» **Problem details**: Would you transcribe the line that holds "Its Just a Christmas", plus every line beneath it through the end of the data, exactly and with nothing added?

━━ Task data

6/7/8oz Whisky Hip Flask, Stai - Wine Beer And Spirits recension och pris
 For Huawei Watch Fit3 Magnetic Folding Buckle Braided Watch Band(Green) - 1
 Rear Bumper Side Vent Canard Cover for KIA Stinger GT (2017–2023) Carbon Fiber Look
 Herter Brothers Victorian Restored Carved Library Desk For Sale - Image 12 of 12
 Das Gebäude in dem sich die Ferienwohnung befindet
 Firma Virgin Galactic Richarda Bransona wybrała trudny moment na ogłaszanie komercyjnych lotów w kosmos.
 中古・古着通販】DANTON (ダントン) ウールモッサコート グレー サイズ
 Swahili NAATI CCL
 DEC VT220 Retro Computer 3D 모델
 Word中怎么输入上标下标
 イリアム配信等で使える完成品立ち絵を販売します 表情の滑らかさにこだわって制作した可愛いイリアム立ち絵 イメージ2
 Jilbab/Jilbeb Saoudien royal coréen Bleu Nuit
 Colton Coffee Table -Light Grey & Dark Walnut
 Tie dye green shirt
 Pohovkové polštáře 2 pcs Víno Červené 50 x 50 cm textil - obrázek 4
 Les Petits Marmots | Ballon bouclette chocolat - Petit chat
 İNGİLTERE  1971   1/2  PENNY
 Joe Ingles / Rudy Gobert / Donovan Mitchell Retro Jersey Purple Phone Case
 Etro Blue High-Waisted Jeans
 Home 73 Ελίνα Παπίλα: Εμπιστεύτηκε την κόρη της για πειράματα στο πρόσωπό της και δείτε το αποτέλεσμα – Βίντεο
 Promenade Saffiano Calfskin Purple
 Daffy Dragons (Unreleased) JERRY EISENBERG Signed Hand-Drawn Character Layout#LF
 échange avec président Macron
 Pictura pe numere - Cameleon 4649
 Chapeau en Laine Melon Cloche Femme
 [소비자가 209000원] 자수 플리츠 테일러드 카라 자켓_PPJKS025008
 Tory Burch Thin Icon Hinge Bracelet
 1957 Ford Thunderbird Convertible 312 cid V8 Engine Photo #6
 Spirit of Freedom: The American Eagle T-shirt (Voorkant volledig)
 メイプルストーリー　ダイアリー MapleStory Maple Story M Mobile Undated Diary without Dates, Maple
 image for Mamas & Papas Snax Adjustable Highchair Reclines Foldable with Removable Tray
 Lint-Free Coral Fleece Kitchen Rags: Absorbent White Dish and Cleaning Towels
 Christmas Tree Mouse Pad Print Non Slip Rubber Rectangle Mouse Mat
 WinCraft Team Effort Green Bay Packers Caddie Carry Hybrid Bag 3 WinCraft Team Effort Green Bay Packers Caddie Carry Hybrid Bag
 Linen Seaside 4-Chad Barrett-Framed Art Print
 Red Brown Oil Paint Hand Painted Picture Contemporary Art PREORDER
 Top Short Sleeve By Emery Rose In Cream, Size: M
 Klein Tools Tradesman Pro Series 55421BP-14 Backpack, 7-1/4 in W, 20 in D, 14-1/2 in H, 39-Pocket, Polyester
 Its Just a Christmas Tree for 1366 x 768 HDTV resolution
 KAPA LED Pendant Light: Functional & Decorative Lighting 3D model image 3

━━━━

» **Response to this exercise**:
 Its Just a Christmas Tree for 1366 x 768 HDTV resolution
 KAPA LED Pendant Light: Functional & Decorative Lighting 3D model image 3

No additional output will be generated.